The Gothic novels lampooned by Jane Austen in Northanger Abbey were part of a much larger cultural context inspired by the Middle Ages and Renaissance that flourished during the late 18th and early 19th centuries. This lavishly illustrated lecture will examine the ways in which Medieval and Renaissance influence extended to the area of dress, from elements of fashionable clothing inspired by the work of Old Master to the variety of period styles employed on the stage. Just as in the Gothic novels, diverse historical influences are mixed and matched in fashion and stage costume, and anachronisms abounded. The talk concludes with a discussion of the ways in which artists and designers even employed deliberately ghoulish elements in dress, the earliest stirrings of the “Goth” dress of today.

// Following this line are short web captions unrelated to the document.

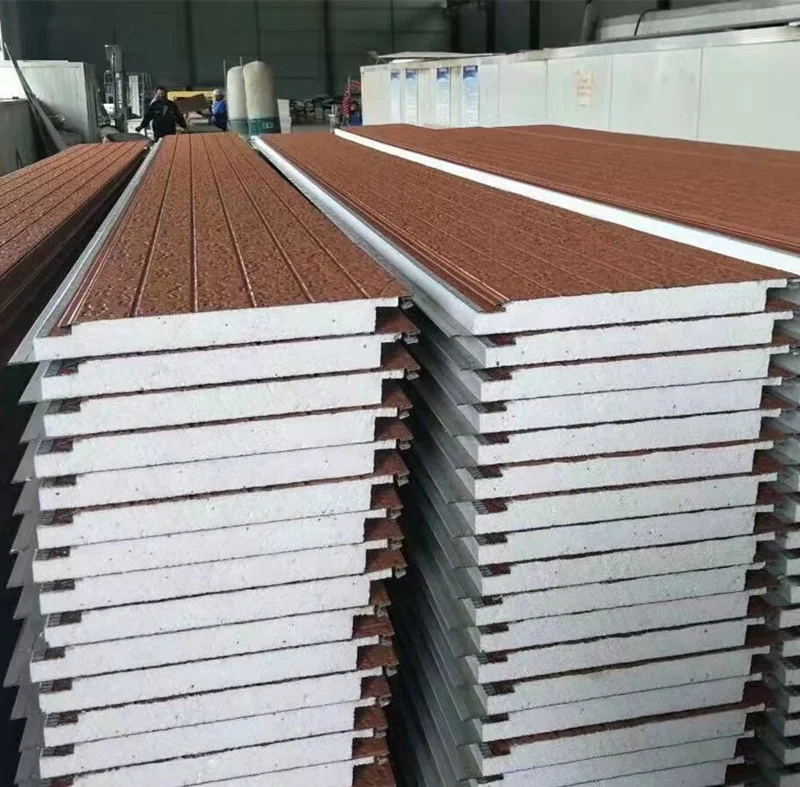 50mm Decorative wood   Exterior  Wall Board EPS Foam Brick Sandwich Panel for Prefarb House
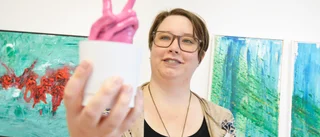 Att måla utan pensel – Malin Lundberg ställer ut 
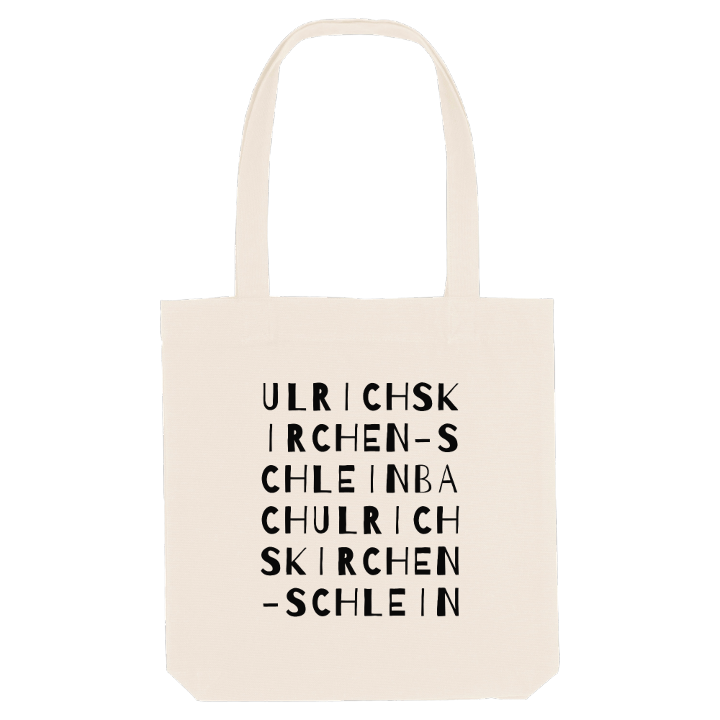 Ulrichskirchen-Schleinbach ordlek tygkasse – tygkasse från PinShirt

Although Jane Austen is not always the most visually descriptive of writers, there is a lot of evidence in her novels to indicate that she and her characters admire the beauty of their surroundings. This admiration embraces, but also goes beyond, the grand country houses so beloved of the makers of period films and the Picturesque scenery admired by Austen’s contemporaries. Austen herself particularly admired the beauties of English country villages, the sorts of places in which she mostly lived, and in which her novels are mostly set. What makes a place beautiful–nature, human endeavor, the web of emotional associations human beings give to the places we love? This slide-illustrated lecture addresses these questions and explores the reasons for the importance of beauty in Austen’s work.

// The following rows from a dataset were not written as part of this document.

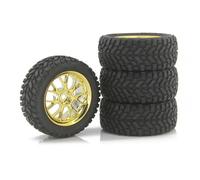 RC Ruote Gomma Per Wltoys 144001 Per Juguetes Per Hot Wheels 4 Pezzi 75 Mm 1,9 Pollici Pneumatici In Gomma 12 Mm Cerchio Esagonale Ruote Pneumatici 1/10 1/14 1/16 RC Auto(Gold)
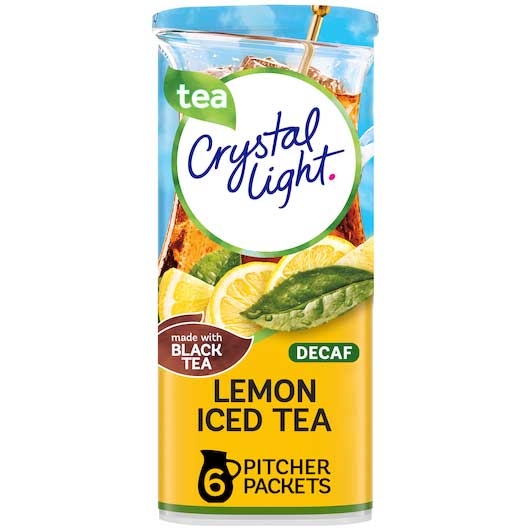 Crystal Light Decaffeinated Iced Tea  - 1.5 oz. canister, 12 canisters per case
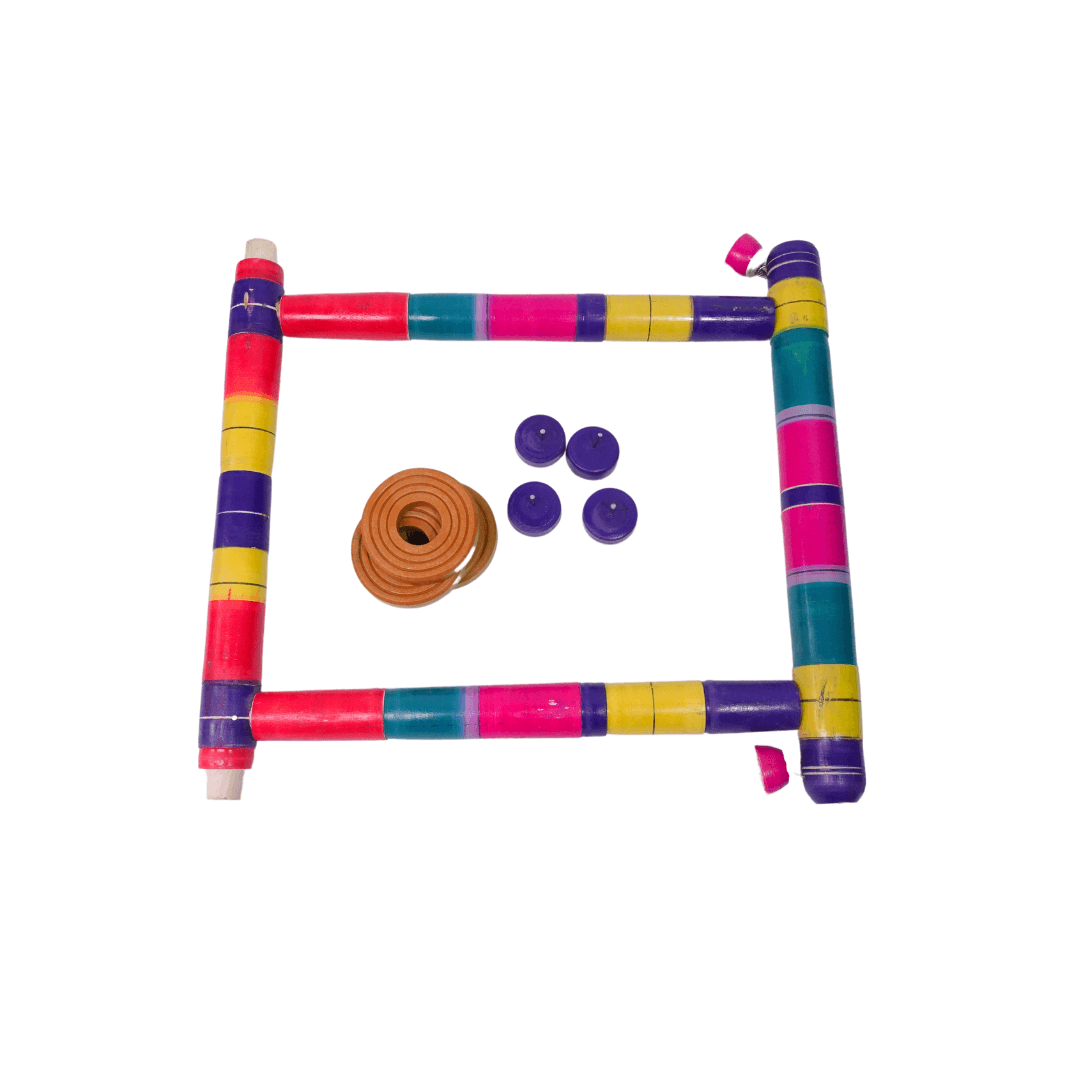 Traditional Wooden Nadavandi Walker for Toddlers Multicolor - Kids Bestie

Jeff Nigro is an art historian, lecturer and educator. He received his B.A. degree at Oberlin College, and his M.A. degree in art history at the University of Virginia. Jeff has been associated with the Department of Museum Education Department at the Art Institute of Chicago for over 20 years. He began lecturing on the Art Institute's collections in 1988, became a full-time staff lecturer in 1993, Senior Lecturer in 2000, and Director of Adult Programs in 2004. Jeff received the Art Institute Chairman's Award for outstanding service in 2003. He has also given pre-concert lectures for the Chicago Symphony Orchestra, both at Symphony Center and at the Ravinia Festival, and he has spoken to the Hyde Park and Winnetka Chapters of Lyric Opera of Chicago. He was The Jane Austen Society Traveling Lecturer for the Midwest for 2001, and currently serves as Regional Coordinator of the Greater Chicago Region of The Jane Austen Society of North America.